__Problem to solve__:
Please output the section of the listing below that opens with the line containing "1Pcs Slim Index" and closes with the line containing "Drummond the sharp shooter! Drummond", exactly and with nothing else.

__Record extracts__:
====

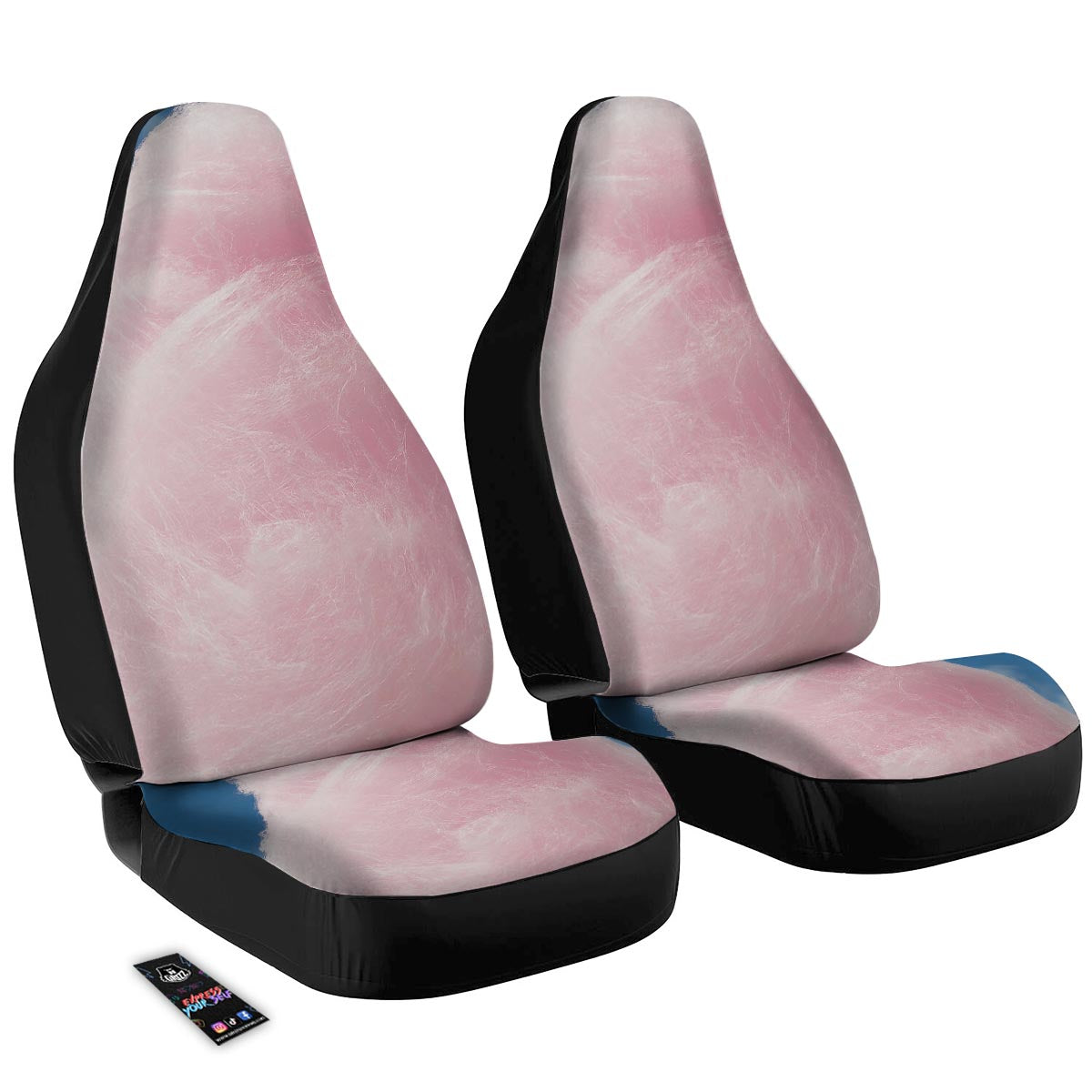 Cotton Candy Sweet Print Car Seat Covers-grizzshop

====

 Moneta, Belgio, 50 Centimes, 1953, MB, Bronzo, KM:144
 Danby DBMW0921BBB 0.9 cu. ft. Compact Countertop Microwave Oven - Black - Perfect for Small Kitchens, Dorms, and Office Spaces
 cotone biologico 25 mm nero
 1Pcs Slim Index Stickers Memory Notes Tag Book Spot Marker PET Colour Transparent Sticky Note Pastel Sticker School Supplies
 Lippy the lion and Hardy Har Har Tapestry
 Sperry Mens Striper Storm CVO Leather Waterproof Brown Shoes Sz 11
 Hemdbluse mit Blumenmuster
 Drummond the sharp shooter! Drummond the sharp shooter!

====

__Exercise solution__:
 1Pcs Slim Index Stickers Memory Notes Tag Book Spot Marker PET Colour Transparent Sticky Note Pastel Sticker School Supplies
 Lippy the lion and Hardy Har Har Tapestry
 Sperry Mens Striper Storm CVO Leather Waterproof Brown Shoes Sz 11
 Hemdbluse mit Blumenmuster
 Drummond the sharp shooter! Drummond the sharp shooter!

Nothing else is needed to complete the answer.